Axe 3 - La conception des jardins publics urbains au prisme de l’air et
du climat
Comment les aménagements des parcs et jardins ont-ils évolué au gré des
discours et expertises scientifiques sur l’air et le climat ? Dans cet axe,
l’attention sera portée aux essences plantées mais aussi à l’organisation
spatiale des jardins qui accompagne ces discours pour favoriser, par exemple,
la libre circulation de l’air, les ombrages ou la présence de l’eau
rafraîchissante. Existe-t-il des liens entre ce bon air et les enjeux liés à
l'eau, ses aménagements et ses usages, dont ses éventuelles pénuries en
contexte de changement climatique (PUCA 2018) ? La présence de l’arbre en
particulier, en tant qu’acteur du rafraichissement, sera discutée : comment les
arbres (et quels arbres) appuient-ils les discours et aménagements liés à
l’air, au climat et au réchauffement climatique (Oghina-Pavie, Taïbi, et
Trivisani-Moreau 2017) ? Cet axe interrogera plus spécifiquement les projets de
paysagistes-concepteurs qui mettent en avant la fraicheur désirée de ces
espaces publics urbains (Delabarre 2023; Allagnat 2022), tout en intégrant des
dimensions critiques par exemple sur la forêt urbaine ou l’arbre de pluie
parfois affichés comme des panacées (Péna 2016). Les interventions se
focaliseront aussi sur les pratiques des usagers qui influencent la conception
et les aménagements (tracé des allées, assises…). Le dessin du jardin est-il un
dessein social et politique, selon des conceptions liées à l’air et au climat ?

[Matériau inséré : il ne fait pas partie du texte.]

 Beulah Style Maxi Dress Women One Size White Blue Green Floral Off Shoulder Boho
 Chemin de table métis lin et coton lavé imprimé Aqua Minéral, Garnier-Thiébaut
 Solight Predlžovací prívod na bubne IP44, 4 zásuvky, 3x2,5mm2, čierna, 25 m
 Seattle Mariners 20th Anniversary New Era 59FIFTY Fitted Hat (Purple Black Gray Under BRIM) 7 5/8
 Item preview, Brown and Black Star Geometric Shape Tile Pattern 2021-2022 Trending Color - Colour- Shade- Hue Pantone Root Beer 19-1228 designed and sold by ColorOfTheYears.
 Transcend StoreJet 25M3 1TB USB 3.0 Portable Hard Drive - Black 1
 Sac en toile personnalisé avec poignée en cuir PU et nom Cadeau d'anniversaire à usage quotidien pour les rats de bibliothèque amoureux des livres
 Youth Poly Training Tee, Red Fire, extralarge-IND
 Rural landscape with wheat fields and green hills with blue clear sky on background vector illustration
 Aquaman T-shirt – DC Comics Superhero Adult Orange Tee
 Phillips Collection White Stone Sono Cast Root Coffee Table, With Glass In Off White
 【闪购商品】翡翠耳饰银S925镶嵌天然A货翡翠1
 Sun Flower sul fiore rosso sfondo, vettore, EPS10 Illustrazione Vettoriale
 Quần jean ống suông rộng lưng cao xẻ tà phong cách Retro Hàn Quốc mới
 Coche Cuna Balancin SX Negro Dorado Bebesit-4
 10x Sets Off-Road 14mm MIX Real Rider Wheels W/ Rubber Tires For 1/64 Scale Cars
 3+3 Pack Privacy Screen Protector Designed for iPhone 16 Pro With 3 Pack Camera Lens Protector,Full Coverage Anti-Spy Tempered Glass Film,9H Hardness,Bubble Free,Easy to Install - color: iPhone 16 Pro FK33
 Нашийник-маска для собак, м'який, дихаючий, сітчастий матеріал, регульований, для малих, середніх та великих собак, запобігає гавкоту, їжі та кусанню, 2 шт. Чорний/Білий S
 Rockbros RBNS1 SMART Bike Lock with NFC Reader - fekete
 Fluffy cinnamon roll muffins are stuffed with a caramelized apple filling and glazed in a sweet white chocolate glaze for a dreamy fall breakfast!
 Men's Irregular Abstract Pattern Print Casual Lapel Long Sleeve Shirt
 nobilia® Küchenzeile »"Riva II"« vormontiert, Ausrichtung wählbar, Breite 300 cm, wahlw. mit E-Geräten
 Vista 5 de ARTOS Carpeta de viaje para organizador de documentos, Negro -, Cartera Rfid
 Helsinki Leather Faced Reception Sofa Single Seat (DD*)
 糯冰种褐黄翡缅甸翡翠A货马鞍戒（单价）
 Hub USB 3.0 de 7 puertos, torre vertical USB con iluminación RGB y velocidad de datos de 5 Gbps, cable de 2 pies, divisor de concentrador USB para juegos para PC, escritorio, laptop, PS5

En s’inspirant des travaux portés à la fois en histoire et (géo)histoire
environnementale (Valette et Carozza 2019), géographie, aménagement et
political ecology (Depietri et al. 2016), ce colloque propose donc mettre donc
en regard comment certaines préoccupations liées à l’air et au climat se sont
construites et déconstruites au fil du temps dans les parcs et jardins publics
urbains. Il s’insère dans le projet éponyme financé par la MSH Val-de-Loire
(2023-2024) et vise à fédérer un réseau de recherche plus large pour envisager
les suites de ce projet interdisciplinaire. Le nom du projet est inspiré d’un
projet de recherche mené par Claude Reichler (Université de Lausanne) sur le
bon air des Alpes.
Modalités de soumission
Les propositions de communication (500 mots) doivent être soumises pour
évaluation sur le site sciencesconf (https://bonairjardins.sciencesconf.org/)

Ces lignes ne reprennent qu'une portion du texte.